[Start of Attachment]
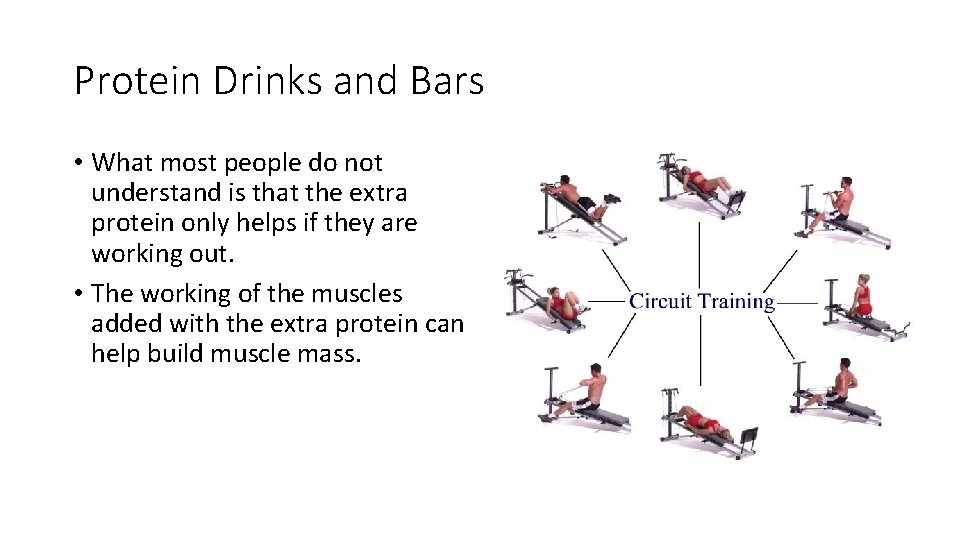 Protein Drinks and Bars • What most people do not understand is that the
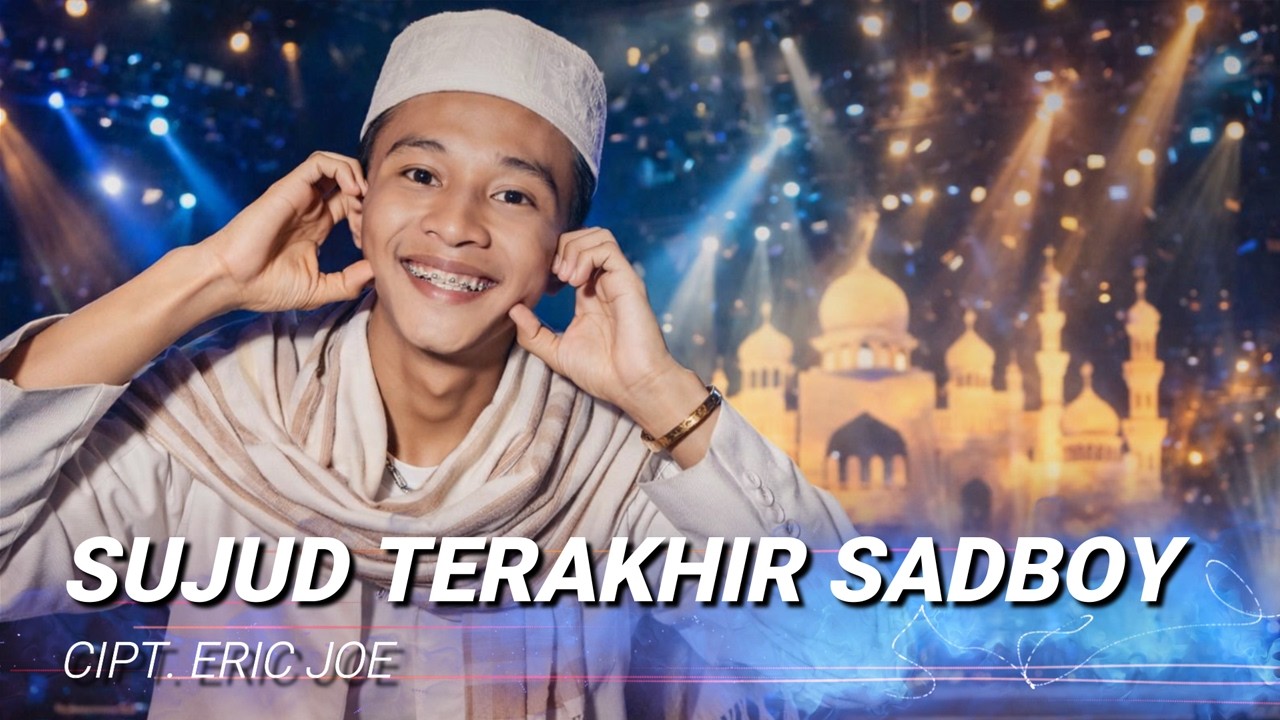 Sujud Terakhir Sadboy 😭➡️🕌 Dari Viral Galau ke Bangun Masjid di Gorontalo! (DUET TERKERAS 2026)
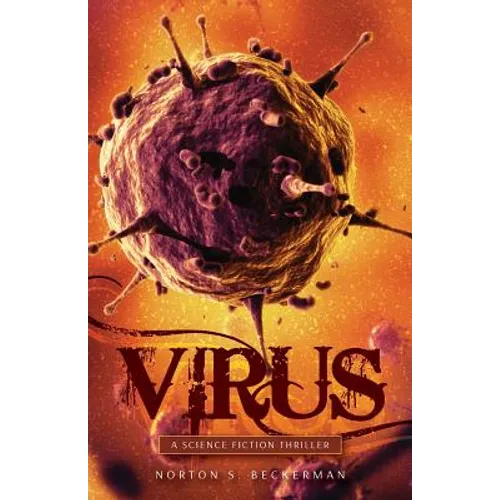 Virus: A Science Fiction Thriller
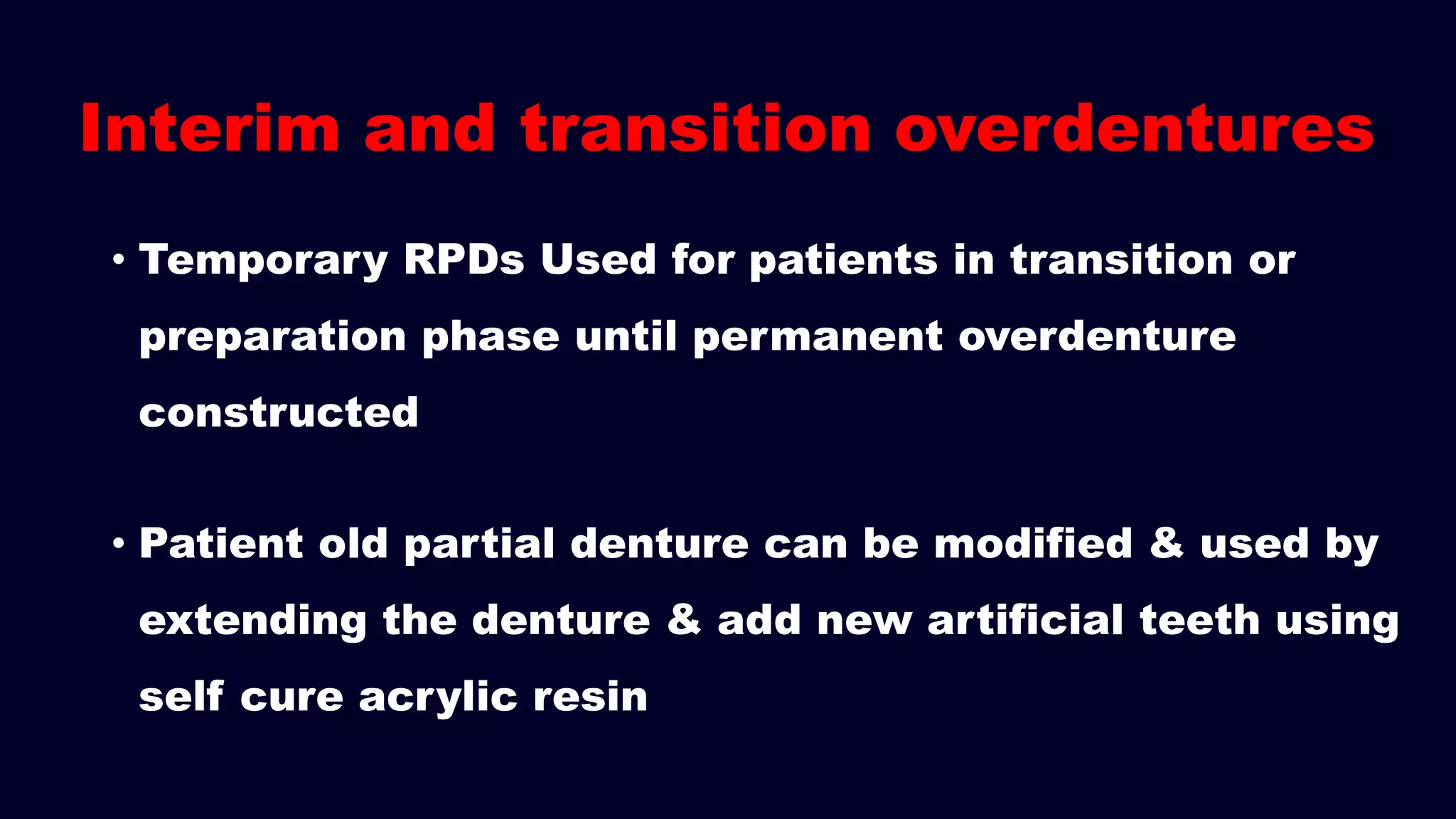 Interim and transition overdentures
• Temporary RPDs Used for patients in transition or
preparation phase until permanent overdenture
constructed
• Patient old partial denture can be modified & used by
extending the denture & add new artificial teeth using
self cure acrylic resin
[End of Attachment]
- _What you need to do_:
The lines from the one containing "preparation phase until permanent overdenture" through the last line of the records are to be transcribed exactly, with nothing else added.

- _Finished task_:
preparation phase until permanent overdenture
constructed
• Patient old partial denture can be modified & used by
extending the denture & add new artificial teeth using
self cure acrylic resin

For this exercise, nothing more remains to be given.